Roddy: Yes, we’ve seen good results from highly sparse networks, particularly with clustering and pruning to get down to very sparse sets of weights, and then compressing those weights, storing them in the edge device, where we compress our architectures. We also store them in on-chip localized SRAM at a compressed level, expanding them back out for the actual consumption in MAC compute arrays. So you get good utilization of scarce memory on a device for a large deployed network. At the end of the day, whether it is the data center or the edge, most machine learning problems are data movement problems, not really density of compute problems. If you’ve got 80 million weights in a model you’re trying to run on the edge, it’s all about how often you thrash that in and out of your DRAM in your device. It’s not about how many MACs per square millimeter you can squeeze in. It’s how much do you hose the DDR connection on your chip over and over and over again because you’re running 60 inferences per second in a car, or something of that nature.
Woo: I’ve worked at Rambus for a long time. When people came to us looking for high-performance memory for AI, we would usually start the conversation by asking how much memory bandwidth they wanted. They would say, ‘You can’t possibly give me what I want, so why don’t you just tell us what you can give us.’
SE: Does the IoT term still apply, or is everything now part of the edge because we want some level of intelligence in all devices?
Ardis: I always bristled at the term IoT because I thought it was really just the natural evolution of gadgets getting smaller, compute power going up, and the availability of radio. This is the same trend. It’s processing at lower power. Things will run off a battery for longer. But now you’ve got this new idea that you can train these neural networks at relatively low power and so you start to think, what if my thermostat can see me, or even my doorbell? You start to brainstorm because the technology is going to more advanced process nodes with better techniques for accelerating it. But it’s a natural evolution of just pushing technology closer to the interaction points with people.
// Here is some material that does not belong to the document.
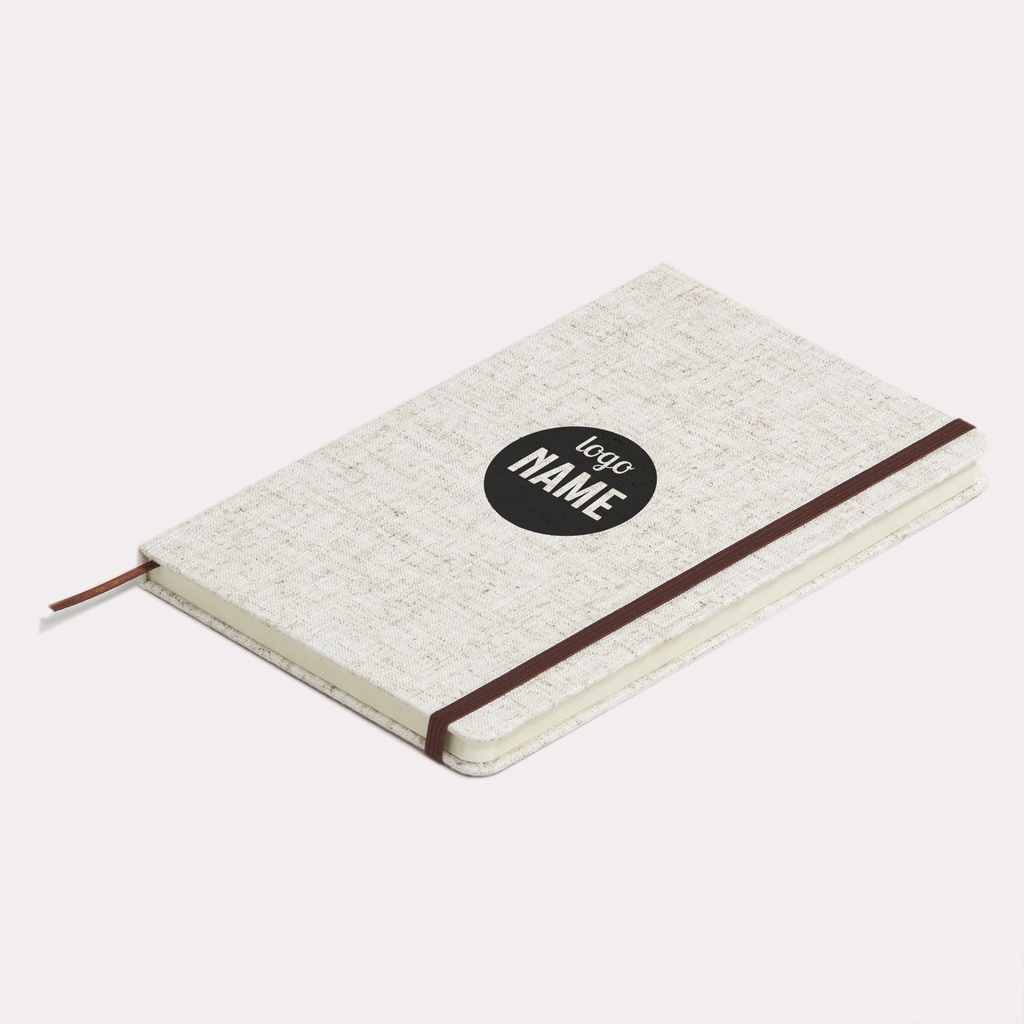 Notizbuch Leinen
Roddy: From an overall architecture standpoint, the first generation that we all call IoT was sticking a radio on a sensor of some sort. Now we realize we can put small, efficient machine-learning enabled compute in between the sensor and the radio and only transmit when something useful or interesting has actually occurred. That has lots of benefits to the power characteristics of that device. It’s a lot easier to compute something than it is to beam it across to some sort of aggregation point in your house or in your industrial environment. So, yes, you’re going to see this rapidly transition to where most critical IoT things have some form of AI embedded in.
Ardis: The power cost of moving a bit of data increases exponentially from moving it across a transistor to transferring it from San Francisco to Washington. That tells you why you want the AI at the edge, and why you only want to turn on the radio from time to time.
Woo: Yes,AI is a natural next step for pervasive connectivity. When you’ve got just a couple devices in your home, transporting that data all the way up to a data center makes some sense. But once you start having lots of these devices and are generating so much more data, it’s the power and the cost of moving that data that becomes difficult. If you had a petabyte of information to move from like Los Angeles to New York, it’s actually cheaper and faster to copy it to a fleet of hard drives, and put it in the belly of a 747 and fly it across the country, than it would be transferred across the Internet.
SE: So now we’re getting into some fairly sophisticated designs. Are people going to pay for this? And if not, how do we get that cost down?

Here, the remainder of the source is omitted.